A security firm working at the Benghazi diplomatic compound five years ago was ordered by the Clinton State Department to keep quiet about the security lapses which lead to the death of U.S. Ambassador to Libya Christopher Stevens, U.S. Foreign Service Information Management Officer Sean Smith, as well as former Navy SEALs Glen Doherty and Tyrone Woods on September 11, 2012.

Torres Advanced Enterprise Solutions President and CEO Jerry Torres said that in early 2013 he was summoned to the Department of State’s Bureau of Overseas Buildings Operations in Rosslyn, Virginia by State Department Contracting Officer Jan Visintainer to discuss Benghazi.

“[Visintainer] had a conversation with me with respect to Benghazi. […] She said that I and people from Torres should not speak to the media, should not speak to any officials with respect to the Benghazi program,” Torres told Fox News’ Catherine Herridge.

While the Obama administration originally blamed the attack on the compound on an inflammatory YouTube video – even though Clinton told her daughter Chelsea (aka Diane Reynolds) that the attack had been conducted by a terrorist group – Torres and former Army intelligence officer Brad Owens, who co-owns Torres AES, emphasized that the State Department was fully aware of the risks incurred by the embassy staff since their firm was asked to take over protection of the compound because of deteriorating security in the area.
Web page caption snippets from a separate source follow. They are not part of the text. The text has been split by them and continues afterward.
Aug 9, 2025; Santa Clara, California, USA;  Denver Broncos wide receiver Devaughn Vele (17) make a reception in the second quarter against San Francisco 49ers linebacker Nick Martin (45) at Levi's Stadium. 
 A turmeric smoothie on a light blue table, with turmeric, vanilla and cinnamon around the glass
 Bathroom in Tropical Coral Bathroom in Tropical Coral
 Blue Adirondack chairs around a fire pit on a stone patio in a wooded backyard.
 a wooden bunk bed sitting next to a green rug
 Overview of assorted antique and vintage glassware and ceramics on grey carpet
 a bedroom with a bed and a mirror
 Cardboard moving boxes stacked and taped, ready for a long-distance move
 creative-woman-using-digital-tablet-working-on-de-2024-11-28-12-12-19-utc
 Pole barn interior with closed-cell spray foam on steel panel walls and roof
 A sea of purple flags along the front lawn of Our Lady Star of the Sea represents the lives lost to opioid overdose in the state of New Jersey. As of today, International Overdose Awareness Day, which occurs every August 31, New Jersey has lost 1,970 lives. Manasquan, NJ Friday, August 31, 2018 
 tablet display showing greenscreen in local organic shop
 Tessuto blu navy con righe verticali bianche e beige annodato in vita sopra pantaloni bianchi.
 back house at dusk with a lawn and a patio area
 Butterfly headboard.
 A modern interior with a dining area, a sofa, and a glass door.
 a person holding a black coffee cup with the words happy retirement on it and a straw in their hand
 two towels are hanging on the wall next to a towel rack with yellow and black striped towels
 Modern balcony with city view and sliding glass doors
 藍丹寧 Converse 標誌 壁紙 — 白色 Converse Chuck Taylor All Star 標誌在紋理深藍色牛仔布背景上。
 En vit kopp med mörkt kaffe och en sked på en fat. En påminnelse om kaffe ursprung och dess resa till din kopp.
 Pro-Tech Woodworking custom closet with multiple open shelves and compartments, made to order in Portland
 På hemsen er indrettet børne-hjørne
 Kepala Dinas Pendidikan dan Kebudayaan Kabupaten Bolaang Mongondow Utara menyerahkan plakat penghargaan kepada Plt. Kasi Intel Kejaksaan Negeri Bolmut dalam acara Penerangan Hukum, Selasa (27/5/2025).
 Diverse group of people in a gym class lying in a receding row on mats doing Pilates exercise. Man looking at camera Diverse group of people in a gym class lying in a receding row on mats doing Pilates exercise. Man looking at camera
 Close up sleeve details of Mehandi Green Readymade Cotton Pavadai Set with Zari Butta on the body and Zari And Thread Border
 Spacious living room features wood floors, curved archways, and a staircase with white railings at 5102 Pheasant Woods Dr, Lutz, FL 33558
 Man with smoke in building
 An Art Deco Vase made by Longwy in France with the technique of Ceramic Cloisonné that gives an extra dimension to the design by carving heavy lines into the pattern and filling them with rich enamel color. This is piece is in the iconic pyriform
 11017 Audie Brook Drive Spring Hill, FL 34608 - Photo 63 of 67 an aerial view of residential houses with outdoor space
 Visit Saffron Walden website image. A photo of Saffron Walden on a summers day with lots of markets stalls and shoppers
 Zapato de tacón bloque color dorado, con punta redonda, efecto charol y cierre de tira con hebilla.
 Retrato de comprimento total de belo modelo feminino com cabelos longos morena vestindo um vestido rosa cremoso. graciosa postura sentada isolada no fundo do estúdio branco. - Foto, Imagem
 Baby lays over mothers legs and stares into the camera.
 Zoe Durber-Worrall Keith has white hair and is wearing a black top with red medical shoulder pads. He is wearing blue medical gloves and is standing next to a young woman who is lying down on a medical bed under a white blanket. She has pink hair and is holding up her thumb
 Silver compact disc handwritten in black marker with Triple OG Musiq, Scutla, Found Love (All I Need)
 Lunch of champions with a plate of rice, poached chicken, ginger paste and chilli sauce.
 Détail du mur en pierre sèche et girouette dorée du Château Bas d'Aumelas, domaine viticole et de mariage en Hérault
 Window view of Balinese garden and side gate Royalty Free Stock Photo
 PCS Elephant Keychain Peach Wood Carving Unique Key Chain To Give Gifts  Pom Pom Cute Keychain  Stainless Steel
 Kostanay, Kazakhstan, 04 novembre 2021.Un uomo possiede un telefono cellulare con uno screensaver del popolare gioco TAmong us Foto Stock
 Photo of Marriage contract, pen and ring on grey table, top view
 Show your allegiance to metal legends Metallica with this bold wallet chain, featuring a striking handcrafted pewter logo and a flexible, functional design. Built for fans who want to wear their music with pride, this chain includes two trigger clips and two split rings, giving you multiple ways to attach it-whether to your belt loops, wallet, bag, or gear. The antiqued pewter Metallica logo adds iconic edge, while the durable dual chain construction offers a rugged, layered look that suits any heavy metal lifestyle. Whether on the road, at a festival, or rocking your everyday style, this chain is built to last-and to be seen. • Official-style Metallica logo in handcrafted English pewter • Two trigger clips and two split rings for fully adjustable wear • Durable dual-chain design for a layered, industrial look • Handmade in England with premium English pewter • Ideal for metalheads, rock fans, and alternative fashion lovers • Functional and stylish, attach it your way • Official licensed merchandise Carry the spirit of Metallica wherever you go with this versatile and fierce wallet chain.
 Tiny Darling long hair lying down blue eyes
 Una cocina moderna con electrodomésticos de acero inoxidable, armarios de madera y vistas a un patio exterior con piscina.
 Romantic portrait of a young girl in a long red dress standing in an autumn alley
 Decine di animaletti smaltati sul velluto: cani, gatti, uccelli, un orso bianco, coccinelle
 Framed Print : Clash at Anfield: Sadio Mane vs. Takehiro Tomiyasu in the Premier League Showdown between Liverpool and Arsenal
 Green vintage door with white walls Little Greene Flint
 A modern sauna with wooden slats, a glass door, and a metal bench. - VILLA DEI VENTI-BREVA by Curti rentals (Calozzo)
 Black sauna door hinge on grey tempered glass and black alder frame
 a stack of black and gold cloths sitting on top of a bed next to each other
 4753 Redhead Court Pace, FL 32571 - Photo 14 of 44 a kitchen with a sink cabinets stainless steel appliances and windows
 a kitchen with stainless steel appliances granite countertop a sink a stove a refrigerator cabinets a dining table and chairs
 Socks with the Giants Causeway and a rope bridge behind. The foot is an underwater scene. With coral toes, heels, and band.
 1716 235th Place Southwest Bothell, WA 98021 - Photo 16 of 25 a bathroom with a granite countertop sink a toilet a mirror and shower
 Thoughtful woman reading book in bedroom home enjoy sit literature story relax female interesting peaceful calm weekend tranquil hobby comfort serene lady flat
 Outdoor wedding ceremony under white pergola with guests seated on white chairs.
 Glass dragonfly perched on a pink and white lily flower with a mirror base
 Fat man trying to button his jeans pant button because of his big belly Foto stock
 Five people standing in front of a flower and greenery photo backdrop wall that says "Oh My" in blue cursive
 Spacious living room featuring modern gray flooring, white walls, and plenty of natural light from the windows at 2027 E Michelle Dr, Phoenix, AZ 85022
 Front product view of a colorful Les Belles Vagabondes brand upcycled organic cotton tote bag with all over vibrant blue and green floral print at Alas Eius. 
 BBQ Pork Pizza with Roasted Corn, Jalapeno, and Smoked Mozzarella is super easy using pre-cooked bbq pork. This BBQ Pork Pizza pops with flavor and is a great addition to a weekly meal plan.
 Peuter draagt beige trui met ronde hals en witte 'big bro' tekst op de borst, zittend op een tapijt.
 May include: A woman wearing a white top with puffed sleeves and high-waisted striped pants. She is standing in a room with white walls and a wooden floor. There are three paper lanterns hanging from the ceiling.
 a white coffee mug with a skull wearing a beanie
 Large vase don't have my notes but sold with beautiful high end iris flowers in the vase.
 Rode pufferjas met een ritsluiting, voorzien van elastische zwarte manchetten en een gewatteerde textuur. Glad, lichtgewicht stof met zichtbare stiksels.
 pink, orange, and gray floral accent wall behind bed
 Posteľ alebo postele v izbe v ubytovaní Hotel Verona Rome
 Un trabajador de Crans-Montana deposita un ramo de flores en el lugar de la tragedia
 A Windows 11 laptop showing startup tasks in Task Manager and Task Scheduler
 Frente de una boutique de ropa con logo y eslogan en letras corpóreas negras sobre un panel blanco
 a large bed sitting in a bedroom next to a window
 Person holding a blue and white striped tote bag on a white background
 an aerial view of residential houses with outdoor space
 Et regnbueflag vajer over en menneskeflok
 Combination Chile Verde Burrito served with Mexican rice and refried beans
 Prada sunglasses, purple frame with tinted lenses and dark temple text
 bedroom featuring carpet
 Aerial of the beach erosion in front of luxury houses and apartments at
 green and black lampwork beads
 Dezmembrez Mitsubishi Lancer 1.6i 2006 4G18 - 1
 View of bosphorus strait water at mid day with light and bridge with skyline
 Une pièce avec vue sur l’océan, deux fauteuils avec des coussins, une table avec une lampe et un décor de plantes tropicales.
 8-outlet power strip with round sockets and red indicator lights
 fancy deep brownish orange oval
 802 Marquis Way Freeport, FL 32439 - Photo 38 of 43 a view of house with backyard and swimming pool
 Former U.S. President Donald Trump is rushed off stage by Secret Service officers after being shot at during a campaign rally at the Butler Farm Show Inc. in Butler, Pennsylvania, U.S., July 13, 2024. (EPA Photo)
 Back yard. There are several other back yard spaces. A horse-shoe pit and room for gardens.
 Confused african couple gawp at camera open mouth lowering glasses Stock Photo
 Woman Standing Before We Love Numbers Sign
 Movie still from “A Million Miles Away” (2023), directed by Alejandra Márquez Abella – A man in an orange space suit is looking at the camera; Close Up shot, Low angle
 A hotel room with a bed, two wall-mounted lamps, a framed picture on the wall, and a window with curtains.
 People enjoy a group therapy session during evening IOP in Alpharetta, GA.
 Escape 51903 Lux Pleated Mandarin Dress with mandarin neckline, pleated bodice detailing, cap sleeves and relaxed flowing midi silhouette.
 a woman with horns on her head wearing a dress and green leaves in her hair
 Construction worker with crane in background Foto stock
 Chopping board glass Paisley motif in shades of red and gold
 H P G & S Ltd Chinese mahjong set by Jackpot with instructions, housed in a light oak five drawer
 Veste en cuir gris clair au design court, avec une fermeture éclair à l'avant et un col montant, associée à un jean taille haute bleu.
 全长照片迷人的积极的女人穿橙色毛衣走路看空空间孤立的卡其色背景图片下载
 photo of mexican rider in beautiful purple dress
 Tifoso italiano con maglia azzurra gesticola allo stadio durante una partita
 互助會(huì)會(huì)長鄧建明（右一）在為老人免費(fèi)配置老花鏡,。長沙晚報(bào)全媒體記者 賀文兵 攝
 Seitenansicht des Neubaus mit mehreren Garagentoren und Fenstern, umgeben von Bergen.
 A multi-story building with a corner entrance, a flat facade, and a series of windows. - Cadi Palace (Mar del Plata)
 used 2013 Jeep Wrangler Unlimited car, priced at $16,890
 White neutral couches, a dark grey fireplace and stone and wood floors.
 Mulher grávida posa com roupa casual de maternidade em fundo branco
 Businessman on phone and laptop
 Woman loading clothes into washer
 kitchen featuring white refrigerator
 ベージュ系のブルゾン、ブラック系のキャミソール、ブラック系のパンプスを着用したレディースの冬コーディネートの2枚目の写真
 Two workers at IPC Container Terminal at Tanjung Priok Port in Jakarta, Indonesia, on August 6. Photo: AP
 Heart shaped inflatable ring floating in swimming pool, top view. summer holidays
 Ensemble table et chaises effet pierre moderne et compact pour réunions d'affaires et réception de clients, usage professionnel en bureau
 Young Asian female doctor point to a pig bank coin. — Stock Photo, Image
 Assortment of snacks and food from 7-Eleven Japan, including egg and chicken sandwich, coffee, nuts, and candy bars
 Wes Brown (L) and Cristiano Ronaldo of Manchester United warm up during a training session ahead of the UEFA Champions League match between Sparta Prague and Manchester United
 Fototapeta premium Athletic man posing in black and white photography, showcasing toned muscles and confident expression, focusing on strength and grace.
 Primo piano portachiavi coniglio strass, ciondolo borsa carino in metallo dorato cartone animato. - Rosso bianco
As a matter of fact, Ambassador Stevens also contacted the State Department in mid-August to report that radical Islamists were present in large numbers in the area. Unfortunately, the attack against the mission occurred before the security firm could implement all the security changes it deemed necessary.

In early 2012, Torres AES submitted a tender to provide security at the Benghazi compound but Visintainer granted the $700,000 contract to a tiny British company which had never won any diplomatic or high-threat security contracts before.

When asked whether such an attack could occur again nowadays, Torres responded without hesitation.

“Absolutely. Nothing has changed,” he told Herridge.

Owens agrees with him as the staff who failed to provide sufficient protection to the four Americans butchered five years ago are still employed by the State Department.

“The people who made the poor choices and actually I would say were more responsible for the Benghazi attacks than anyone else, they’re still in the same positions making security choices for our embassies overseas now,” he told Fox News.

Both Torres and Owens said that they had waited until now to speak to protect the jobs of their 8,000-strong staff and because the Obama administration was no longer able to cover up the truth.

“I feel now that, given that the politics has been taken out of the Benghazi situation, now that there’s no longer a candidate or anything related to it […] that actually we have an opportunity here to fix the problems that made it happen,” Torres explained.

Despite keeping quiet, Torres said that his company had paid a heavy price since the Benghazi attack.

“Since that conversation [with Visintainer], we bid on 20 security force contracts for U.S. embassies and lost 18,” he told Herridge.